== Segment start ==

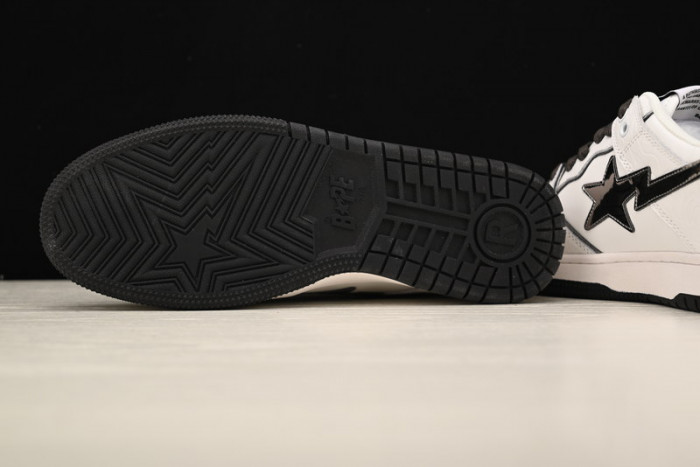 bathing ape xj00021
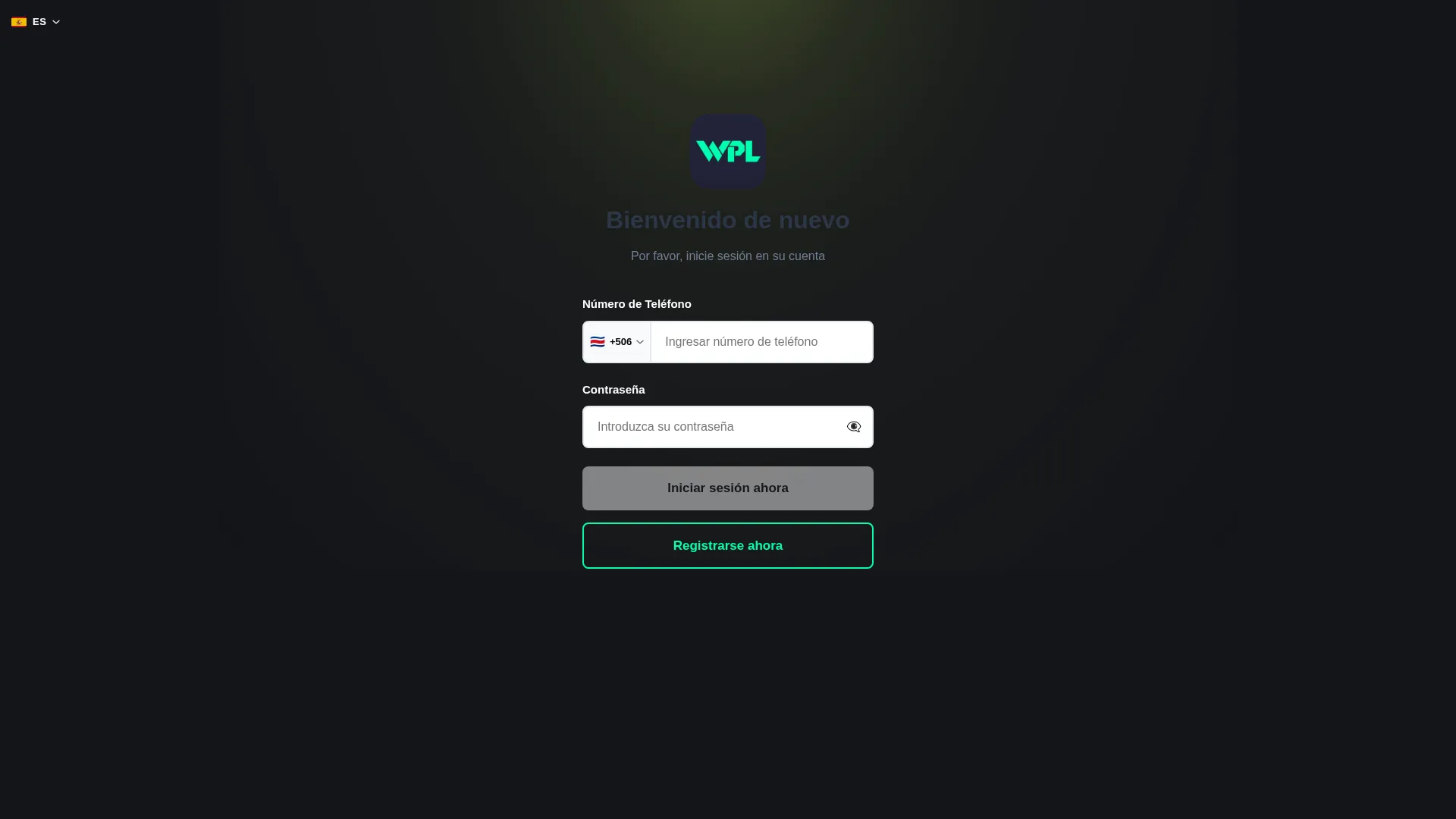 Wplcr.com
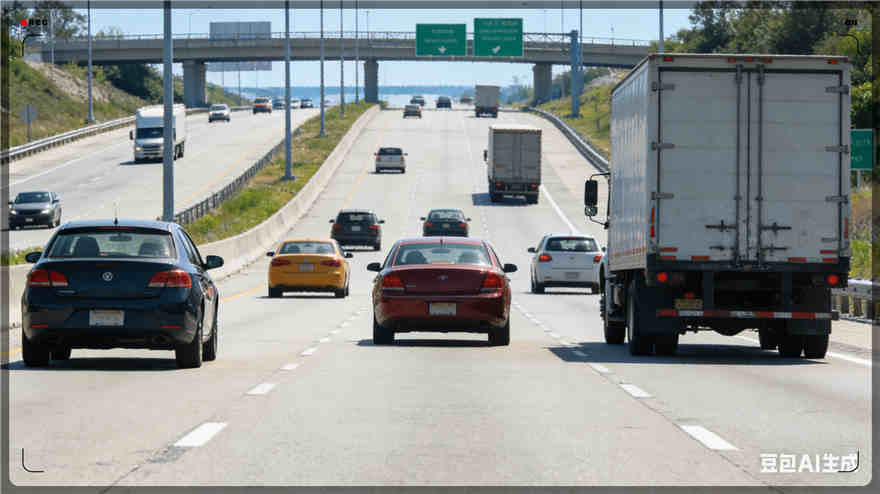 西宁汽车救援送汽油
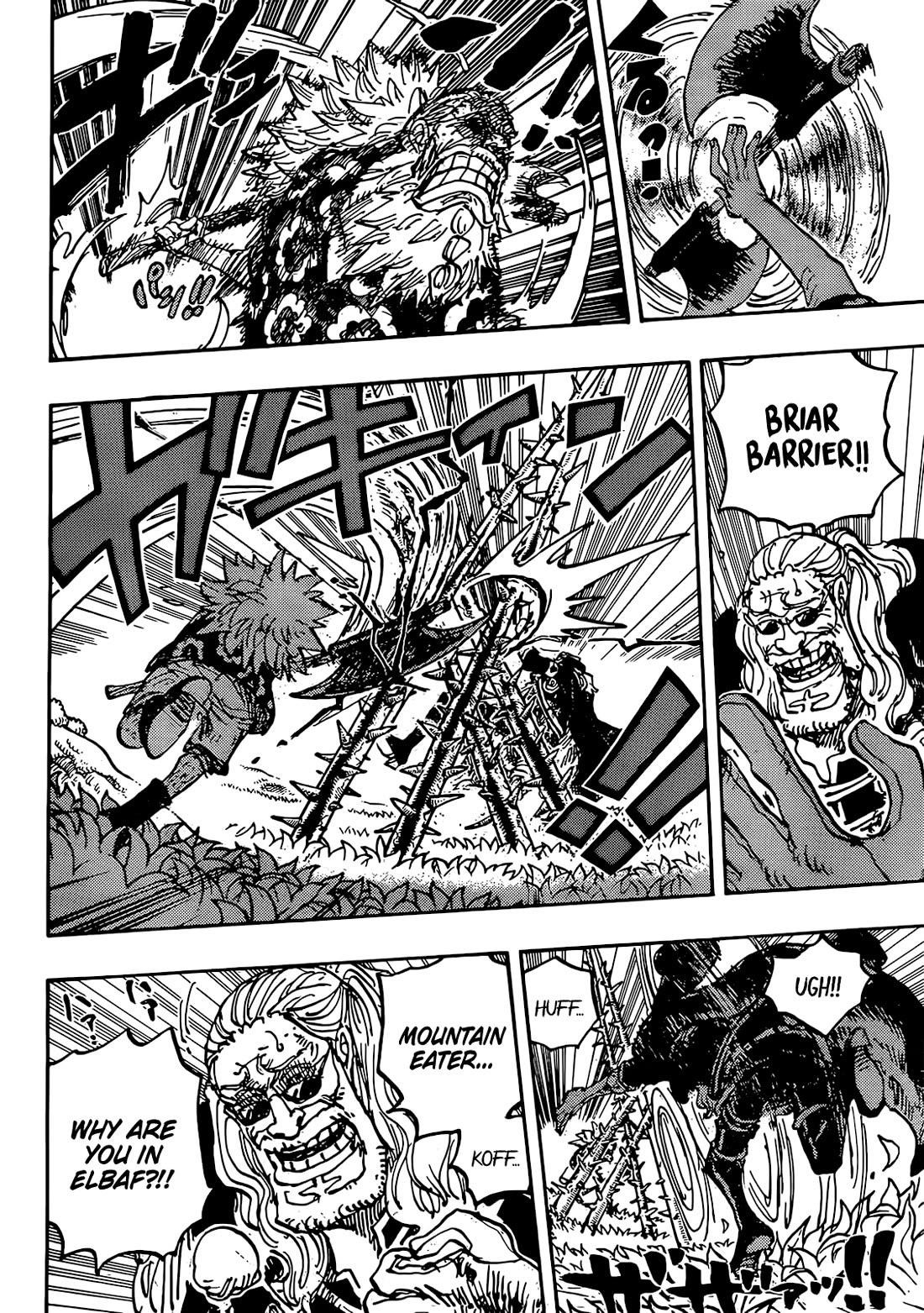 Chapter 1149 (Image 3)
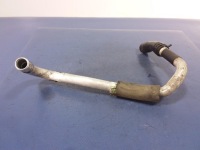 фото thumb №1, Porsche оригінальний номер 97057258100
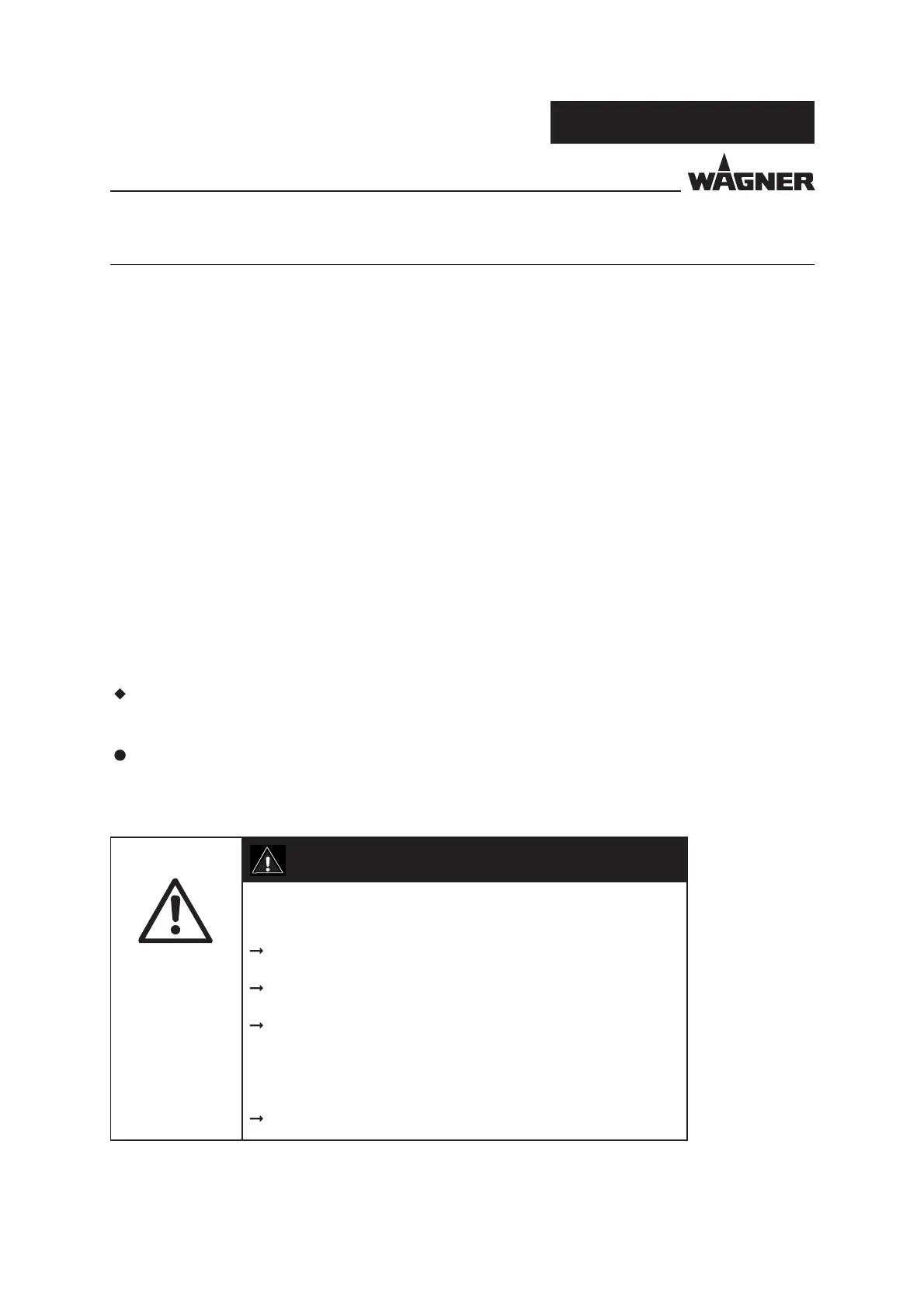 Page #103 background image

== Segment end ==

DIRECTIONS: Everything in the material must be duplicated exactly, except the pictures.

THE ANSWER:
 bathing ape xj00021
 Wplcr.com
 西宁汽车救援送汽油
 Chapter 1149 (Image 3)
 фото thumb №1, Porsche оригінальний номер 97057258100
 Page #103 background image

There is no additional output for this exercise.